Il mancato endorsement a Harris da parte del Washington Post ha causato critiche e dimissioni, portando molti lettori a disdire l’abbonamento. Ma potrebbe segnare la fine (o almeno una tregua) dell’acceso dissidio tra il fondatore di Amazon e il candidato repubblicano
L’ha detto bene Brian Stelter nella sua newsletter per la Cnn: “Solitamente gli endorsement presidenziali dei giornali non hanno molta importanza”. Se il Washington Post, il giornale di proprietà del multimiliardario di Amazon Jeff Bezos, avesse fatto il suo solito pezzo di appoggio ai democratici chiamando in causa il buon senso, nessuno ci avrebbe fatto attenzione. L’endorsement dei giornali, dice al Foglio Ben Smith, fondatore di Semafor ed esperto di media, “è una reliquia del secolo scorso. E se il Washington Post avesse detto otto mesi fa che non sceglieva nessun candidato, non ci sarebbe stato alcun clamore. Farlo una settimana prima delle elezioni, be’, è chiaro che non si tratta di una decisione politica proprio ben ponderata”. Una scelta l’hanno fatto più o meno tutti – appoggiando in maggioranza la candidata democratica Kamala Harris – ma la decisione di restare neutrali da parte del WaPo ha portato molti a disdire l’abbonamento, compreso Stephen King, alle dimissioni di un autore come Robert Kagan, e pure le critiche del duo che ha dato lustro massimo al quotidiano, Bob Woodward e Carl Bernstein. L’“obbedienza anticipata” di Bezos – come l’hanno definita molti – in vista di un possibile secondo mandato del repubblicano Donald Trump avrebbe a che fare con le commesse pubbliche dell’azienda spaziale Blue Origin, cui Bezos dedica molte energie. “Sono certo che Trump apprezza questa scelta”, ci dice Smith. “E poi non so perché Bezos l’abbia fatto, ma è chiaro che la percezione generale sia quella di un favore fatto a Trump”.

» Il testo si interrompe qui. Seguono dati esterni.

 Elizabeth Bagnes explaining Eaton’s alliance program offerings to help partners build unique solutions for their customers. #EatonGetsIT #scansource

Il dissidio tra Bezos e Trump dura da tempo. Nel 2013 Bezos comprò il Washington Post per 250 milioni. Poco dopo Trump iniziò la sua carriera politica e il giornale non fu mai troppo morbido con lui, tanto che il tycoon twittatore disse che era un semplice contenitore di fake news –“il Washington Post non è altro che un costoso (il giornale perde ogni giorno una fortuna) lobbista per Amazon”. Fece una vera campagna Twitter contro la mega azienda di shopping online, anche per un accordo che aveva fatto con la posta americana. Trump per un periodo è stato ossessionato dal miliardario di Seattle, e aveva promesso che l’avrebbe fatta pagare ad Amazon quando sarebbe diventato presidente.

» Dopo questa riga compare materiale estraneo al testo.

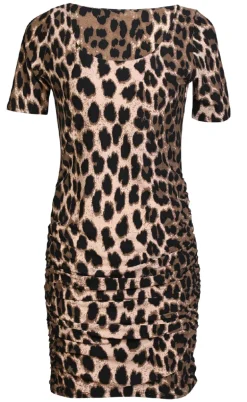 Liberte Kjole - Alma SS - Big Lux Leo/Fossil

Durante il mandato presidenziale di Trump, quando una commessa da 10 miliardi per un progetto di cloud-computing del dipartimento della Difesa era stata vinta dal rivale Microsoft, Bezos aveva fatto causa dicendo che la sua azienda non aveva vinto per antipatie da parte di Trump, e il dipartimento aveva dovuto bloccare tutto. Bezos in questa situazione aveva mostrato una tenacia che aveva del personale, che andava oltre il business. La rivalità tra i due è continuata per anni. Per esempio, il Washington Post negli ultimi anni ha creato una pagina aggiornata con le oltre trentamila bugie dette pubblicamente da Trump. “E’ guerra aperta”, avrebbe detto Trump a un certo punto a un suo collaboratore. Poi c’è stato l’affair del ricatto del National Enquirer. Il tabloid di proprietà di David Pecker, amico di Trump, aveva messo le mani su foto e messaggi compromettenti di Bezos sulla storia d’amore clandestina con la giornalista Lauren Sánchez, ora sua partner. L’Enquirer chiedeva, per non divulgare informazioni, di smetterla di prendersela con il fratello di Pecker. Bezos, invece di cedere al ricatto, aveva rivelato tutto, arrivando al divorzio. Trump lo aveva preso in giro chiamandolo “Jeff Bozo”, un nome da clown. Il mancato endorsement a Harris potrebbe essere la fine di questa faida, o almeno una tregua.